We started with a simple frustration.

Most scam detection tools either miss obvious scams or return a score with no explanation. You might get a 0.87 probability, but that doesn’t tell you what actually happened in the call.

When we listened to real scam recordings, it became obvious that scams are not random. They follow patterns. There is structure, escalation, and intent behind every step.

We wanted to build something that captures that structure.

What we built

Auralis is a system that takes a raw phone call and reconstructs it as a sequence of behaviors.

Instead of asking “is this a scam?”, we ask:

who is driving the conversation
when does risk increase
what tactics are being used
what evidence supports the conclusion

We built a pipeline that combines transcription, diarization, behavioral analysis, and a structured fusion layer to produce a final result that is both accurate and interpretable.

How we built it

We broke the problem into stages and each of us focused on a part, while making sure everything fit together cleanly.

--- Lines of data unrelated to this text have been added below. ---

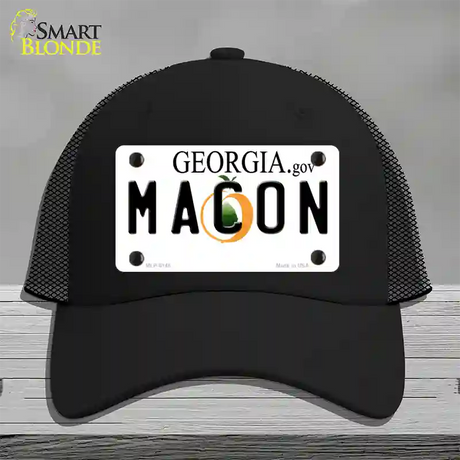 Macon Georgia Novelty License Plate Hat Mesh / Black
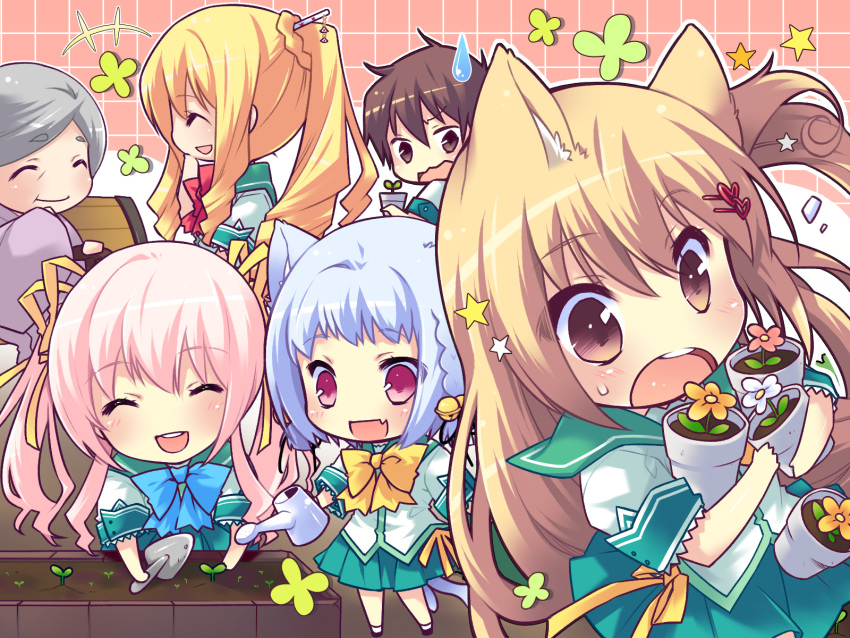 blonde_hair, brown_hair, catgirl, chibi, fang, flower, group, kiryu_hina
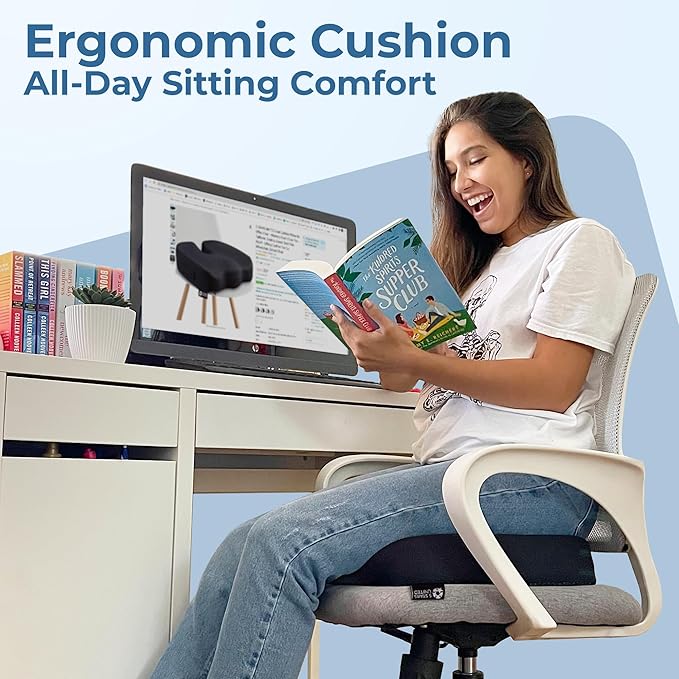 5 STARS UNITED Seat Cushion for Tailbone Pain Relief – Large Memory Foam Cushion for Coccyx, Hip, Sciatica & Post-Surgery Recovery – Wheelchair, Car, Desk, Gaming & Office Chairs, Black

Nikhil handled the core pipeline. He built the transcription and diarization system with silence-aware chunking so long calls stay stable, and made sure timestamps align correctly end to end.

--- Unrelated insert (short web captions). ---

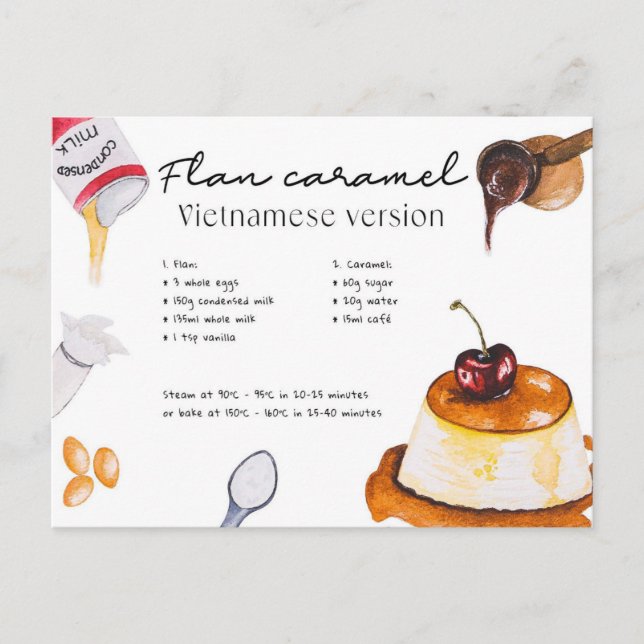 Caramelo flán - postal (Anverso)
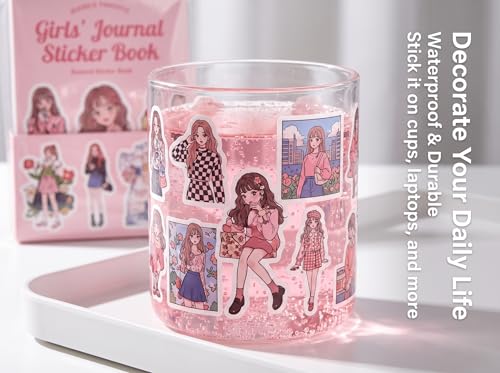 Kawaii Girl Sticker Book for Journaling & Scrapbooking, 800+ Japanese Aesthetic Die-Cut Stickers, Cute Anime Stationery for Adults, Junk Journal Supplies, Planner Decor, Vision Board Stickers - color: Girl's Sticker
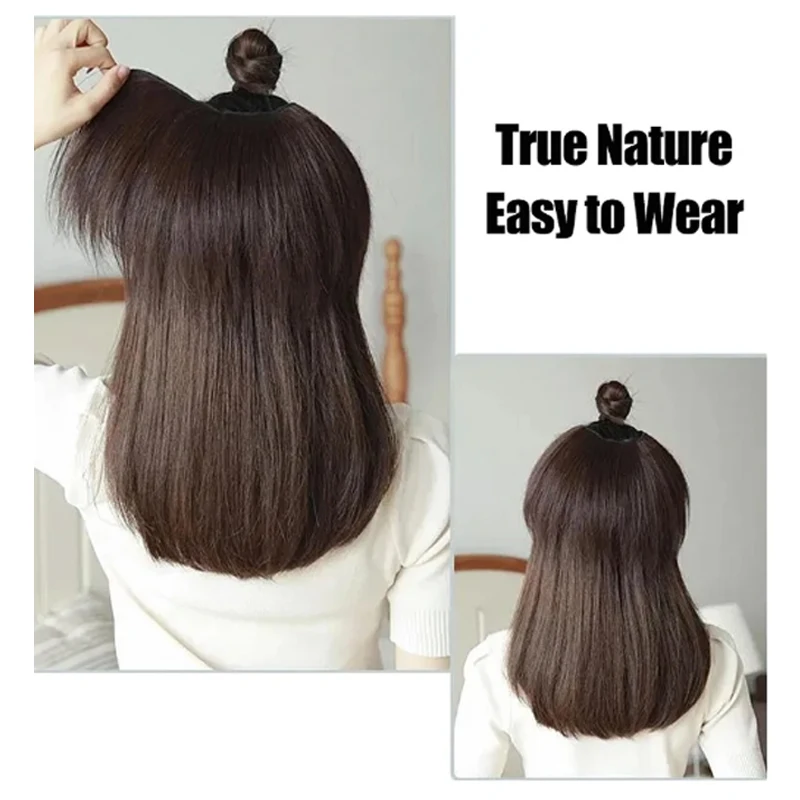 8Inch Synthetic Short Straight Internal Buckle V-shaped Half Head 4Clips Hair Extension Invisible Hairpiece for Women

Ojasvi and Praneel worked on the intelligence layer. He built the segment-level analysis to detect intent and scam signals across the conversation, and contributed to role inference so the system can tell who is driving the call and who is being targeted.

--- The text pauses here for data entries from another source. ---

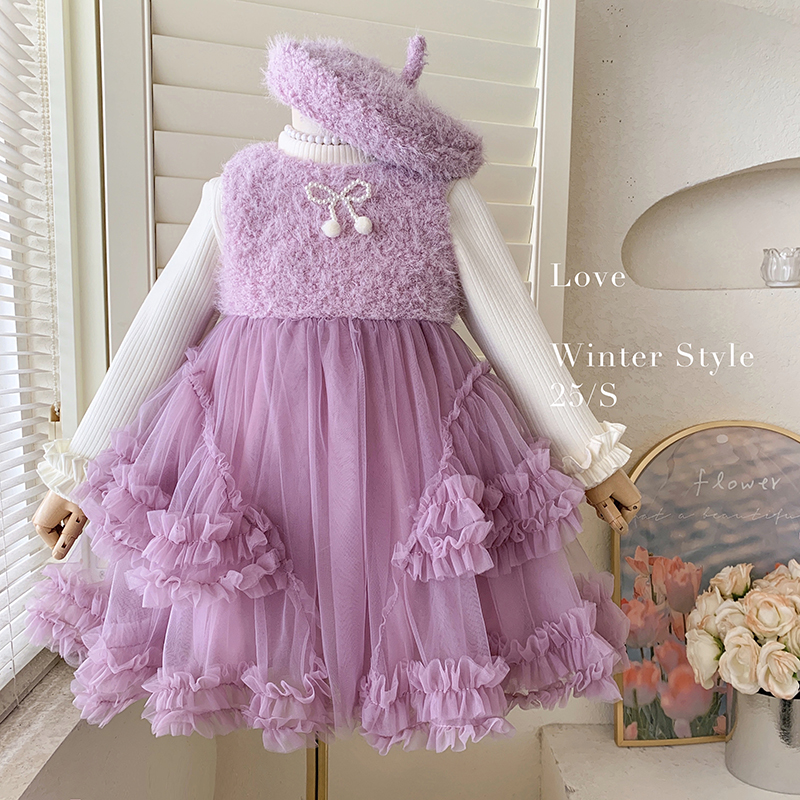 【本妈】25冬"紫暮香韵"女童加绒打底+无袖加绒连衣裙W25259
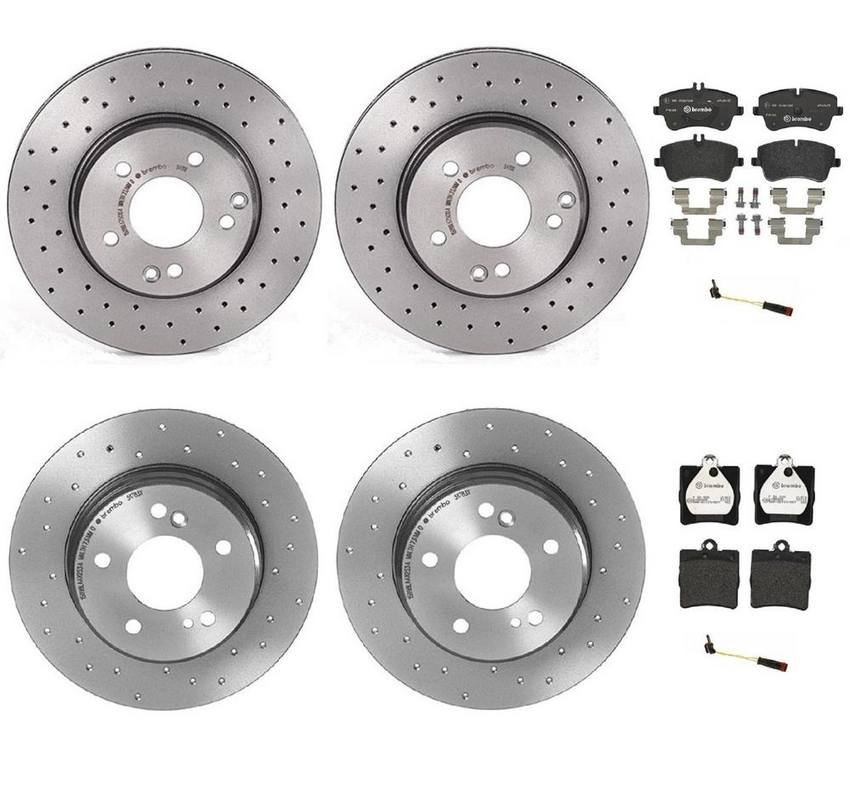 Brembo Brake Pads and Rotors Kit - Front and Rear (288mm/278mm) (Xtra) (Low-Met)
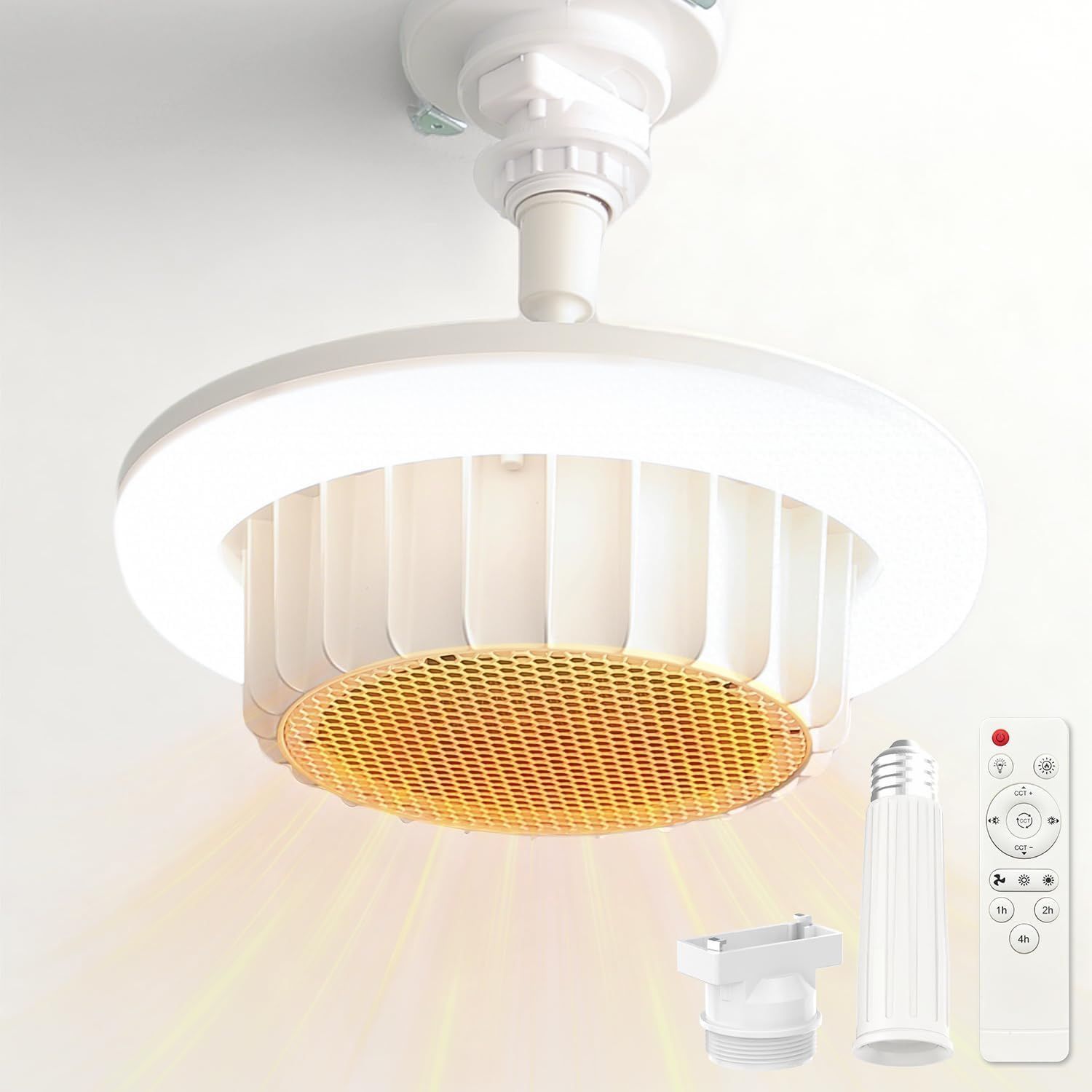 ATOPSUN 電気ファンヒーター 天井 750 W 2000 lm E 26 ヒーターライト シーリングライト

Praneel built the frontend and overall experience. He designed the dashboard so everything from the backend is clearly visible through the timeline, transcript, and evidence panels, making the output easy to understand.

Finally, we combined everything using a fusion layer. Instead of relying on one model output, we merge multiple signals to produce a more stable and trustworthy result.

Overall, the focus was to build something that not only works, but is clear, reliable, and actually useful.

Challenges we faced

The biggest challenge was consistency.

At first, timestamps drifted and the timeline didn’t match the actual audio. We fixed this by enforcing chunk-local timestamps and applying offsets carefully.

Another challenge was model bias. The model tended to output similar probabilities for different calls. We addressed this by introducing deterministic penalties and a weighted fusion system.

Diarization was also tricky. Without proper chunking and alignment, speaker switching became noisy. We improved this by stabilizing segment boundaries and preparing for global speaker clustering.